0

I am running a dredge of a linear mixed effect model in the MuMin package in R, The model is quite big (see below)

>     Monster <- lmer(Fw.FratioFall ~ Average_mintemp_winter + (Average_mintemp_winter^2)
>                     + percentage_woody_coverage + (percentage_woody_coverage^2)
>                     + kmRoads.km2 + (kmRoads.km2^2) + Fracking 
>                     + WELLS_ACTIVED + (WELLS_ACTIVED^2) + BadlandsCoyote.1000_mi
>                     + (BadlandsCoyote.1000_mi^2) + cougar_presence + COYOTE_springsurveys
>                     + (COYOTE_springsurveys^2) + d3.1 + (d3.1^2) + WT_DEER_springsurveys
>                     + (WT_DEER_springsurveys^2) + WT_DEER_fallsurveys + (WT_DEER_fallsurveys^2) 
>                     + ELK_springsurveys + (ELK_springsurveys^2) + ELK_fallsurveys + (ELK_fallsurveys^2)     
>                     + (BadlandsCoyote.1000_mi*WELLS_ACTIVED) + (BadlandsCoyote.1000_mi*d3.1) 
>                     + (BadlandsCoyote.1000_mi*WELLS_ACTIVED*d3.1) 
>                     + (cougar_presence*percentage_woody_coverage) 
>                     + (COYOTE_springsurveys*WELLS_ACTIVED) 
>                     + (percentage_woody_coverage*cougar_presence*COYOTE_springsurveys)
>                     + (Average_mintemp_winter*COYOTE_springsurveys) 
>                     + (Average_mintemp_winter*BadlandsCoyote.1000_mi)
>                     + year + (1 | YEAR) + (year | StudyArea),  REML = F, data = mydata)
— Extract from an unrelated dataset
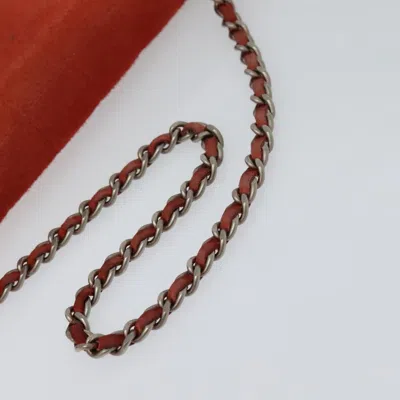 Pre-owned Chanel Chocolate Bar Red Suede Shoulder Bag ()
the Dredge function has been running now for 15 hours on an i7 processor and I am wondering if this is normal, what kind of time frame should I expect for a model this size?

I have checked the logs and R hasnt crashed, the dredge is still running (it is producing "singular fit" models in abundance)

singular fit
singular fit
singular fit
singular fit
singular fit
singular fit 

I tested a smaller model and the dredge function took approximately a minute

Smaller model

> sample <- lmer(Fw.FratioFall ~ Average_mintemp_winter +
> (Average_mintemp_winter^2)  + year + (1 | YEAR) + (year | StudyArea), 
> REML = F, data = mydata)

Can anyone advise on time frames for a model dredge with the MuMin package. Thank you.

Kilian Murphy
  • 321
  • 2
  • 14
  • 2
    As far as I understand it the dredge function tries every combination, which in your casae is a huge number. Do not do this. Use your domani knowledge to select your variables rather than rely on some automatic procedure. – user2974951 Dec 17 '18 at 11:02
  • 2
    This is at least N=2^41 models, if I counted the names in the formula right. I would definitely suggest reducing the number of combinations by adding some limiting criteria (_via_ `subset`). If you want to see the progress bar use `dredge(..., trace = 2)`. You can also use parallel computation with `pdredge`. – Kamil Bartoń Dec 17 '18 at 11:09
  • The data set is enormous so this is believe it or not the whittled down version using predictors that make the most sense ecologically. – Kilian Murphy Dec 17 '18 at 11:12
  • Can I use a subset to limit the amount of models based on AIC? – Kilian Murphy Dec 17 '18 at 11:12
  • How long do you foresee it taking to dredge the initial model? – Kilian Murphy Dec 17 '18 at 11:13
  • 1
    @KilianMurphy (1) Information Criteria are calculated from a fitted model's likelihood, so obviously you cannot exclude a model a priori on that basis. (2) Time the fitting of the global model and a null model and multiply the sum by 2^41 / 2 to get a rough estimate. – Kamil Bartoń Dec 17 '18 at 13:38
  • thanks for the help – Kilian Murphy Dec 17 '18 at 14:12
  • What did you end up doing to resolve this? `glmulti` was/is an option. – Kwame Mar 04 '21 at 22:40
  • We instead ran multiple model selection by using a priori knowledge to select different variable combinations and used AIC to select the top ranked models. We then used the MuMin package to average the top 6 models and then we ran a dredge of the averaged model to verify the prior methods. It worked out well! – Kilian Murphy Mar 05 '21 at 09:20

1 Answers1

0

As some commenters said, dredge function increases its resolving time depending on the number of models to test. A recommendation is to select those variables that you think should have the best explanatory power, you should not "go fishing" models, but try to generate those models to test that are best for you.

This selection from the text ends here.